Saturday, April 2, 2011

Think (6)

And one of them, a lawyer, asked him a question to test him.  "Teacher, which is the greatest commandment in the Law?"  And he said to him, "You shall love the Lord your God with all your heart and with all your soul and with all your mind.  This is the first and greatest commandment.  And a second is like it:  You shall love your neighbor as yourself.  On these two commandments depend all the Law and the Prophets."  (Matthew 22:35-40)


God commands us to love him with our minds.  This is an integral part of what Jesus says is the greatest commandment, one of the two that essentially sum up the rest of what the Old Testament is saying.  What, Piper asks, does it mean to love God with all our minds?  Here is what Piper says...

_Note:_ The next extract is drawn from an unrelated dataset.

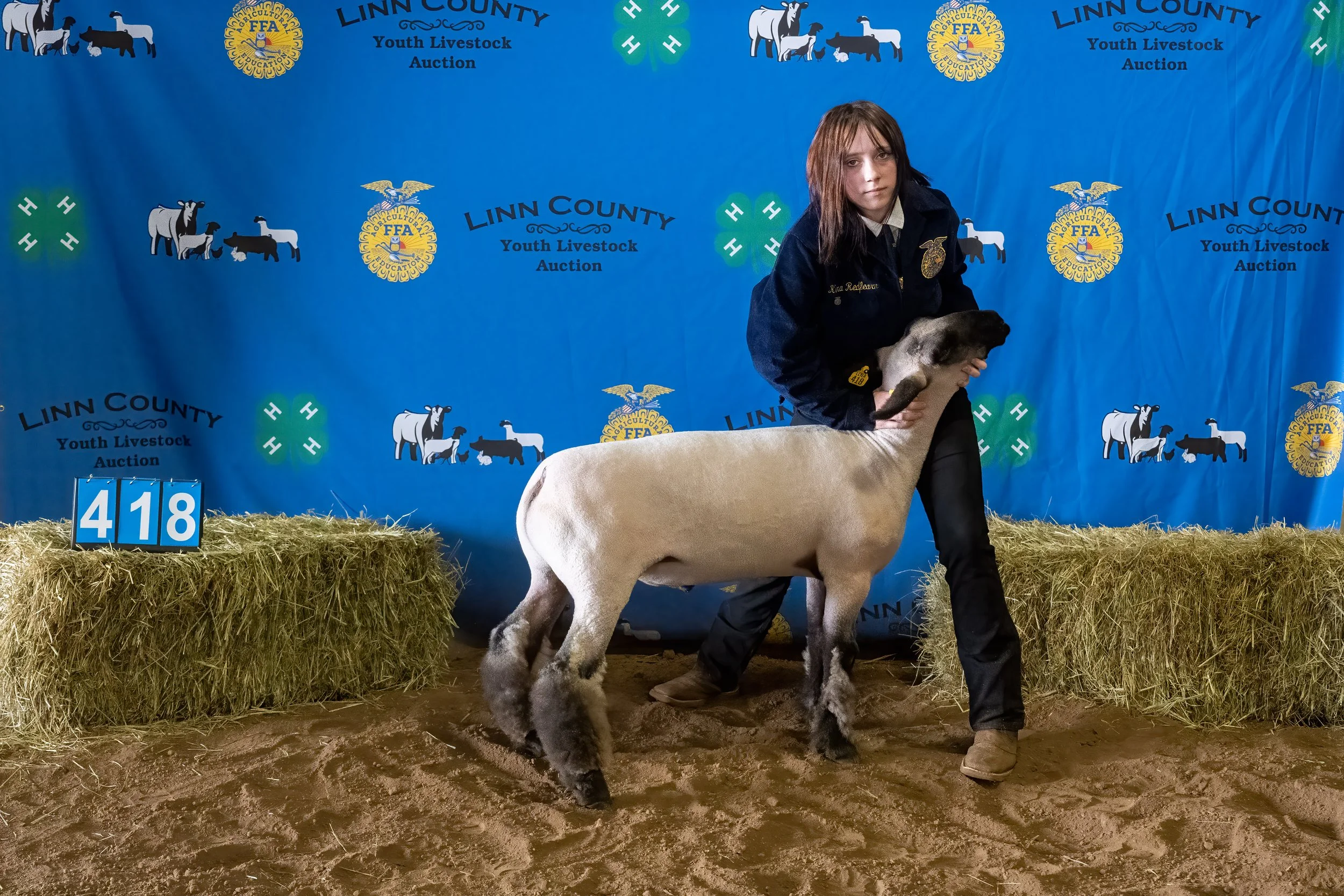 Sheep 418 (0262).jpg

"Our thinking should be wholly engaged to do all it can to awaken and express the heartfelt fullness of treasuring God above all things."  Thinking is the way we use our minds.  Only a comprehensive full engagement of the mind is worthy of our infinite God.  To love God, Piper will argue, will involve really treasuring him; there is a delighting, cherishing, valuing, and admiring.  See Philippians 3:8.  And finally, the act of thinking is not loving itself, but is a means to loving.  Satan can think true thoughts about God, and that certainly does not constitute love.

The next section focuses on the distinctions between heart, soul, and mind.  There is significant overlap between these.  They are not watertight compartments.  Piper writes, "We may summarize like this: heart highlights the center of our volitional and emotional life without excluding thought (Luke 1:51).  Soul highlights our human life as a whole ("man became a living creature," Gen 2:7), thought sometimes distinguished from the body (Matt. 10:28).  Mind highlights our thinking capacity.  And when the term strength is added, as in Mark 12:30, it highlights the capacity to make vigorous efforts both bodily and mentally."  The overlap in functions here and the repeated use of "all" make it clear that every faculty we possess is to be used to love God.

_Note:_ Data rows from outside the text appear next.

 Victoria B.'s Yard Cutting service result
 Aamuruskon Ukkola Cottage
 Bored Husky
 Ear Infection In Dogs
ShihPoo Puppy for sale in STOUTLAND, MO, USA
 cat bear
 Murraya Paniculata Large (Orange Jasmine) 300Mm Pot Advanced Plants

Why should we define loving God mainly as treasuring God?

Slight pointers...

1)  The heart, which is the center of our emotional and volitional life, is the first mentioned in the greatest commandment.  Perhaps the others flow rightly only from it.

2)  The english does not capture it, but the preposition Luke uses for heart is different from soul, strength, and mind.  The word used suggests that the first is the seat of the love, and the last three are instruments of it.

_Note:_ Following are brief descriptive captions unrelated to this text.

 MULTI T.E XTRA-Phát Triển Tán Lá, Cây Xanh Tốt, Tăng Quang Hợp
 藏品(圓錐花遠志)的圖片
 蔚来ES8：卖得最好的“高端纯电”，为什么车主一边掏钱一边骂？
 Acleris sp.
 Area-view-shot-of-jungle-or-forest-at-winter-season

3)  Deuteronomy 30:6 promises a time when love for God would be possible in a new way because of a circumcision of the heart (and the heart of your offspring.)  The change needed is in the heart.

Solid reasons...

4)  Jesus distinguished between the first and second greatest commandments.  The order and distinction is not trivial, though certainly we should not artificially separate them.  Love for God will certainly flow into a love for people, but we should not say that loving people is itself loving God.  We should not simply equate outward actions with loving God, though loving God will lead to outward actions indeed.  Love is first a matter of the heart.

5)  Well did Isaiah prophesy of you hypocrites, as it is written, "This people honors me with their lips, but their heart is far from me; in vain do they worship me" (Mark 7:6-7)  "The external behaviors will be pleasing to God when they flow from a heart that freely treasures God above all things."

6)  No one can serve two masters, for either he will hate the one and love the other, or he will be devoted to the one and despise the other.  You cannot serve God and money.  (Matt 6:24)  The opposite of love is hate and despising, which carries with it a strong negative emotional weight.  This implies that love carries with it strong positive emotional weight.  We cannot serve two masters, and the reason behind that is the nature of these internal emotional dispositions of love and hate.

We need to love God from our hearts, treasuring him completely, and may we ask God for this grace - that we might use all of our mind, strength, and soul to this end of loving deeply from the heart.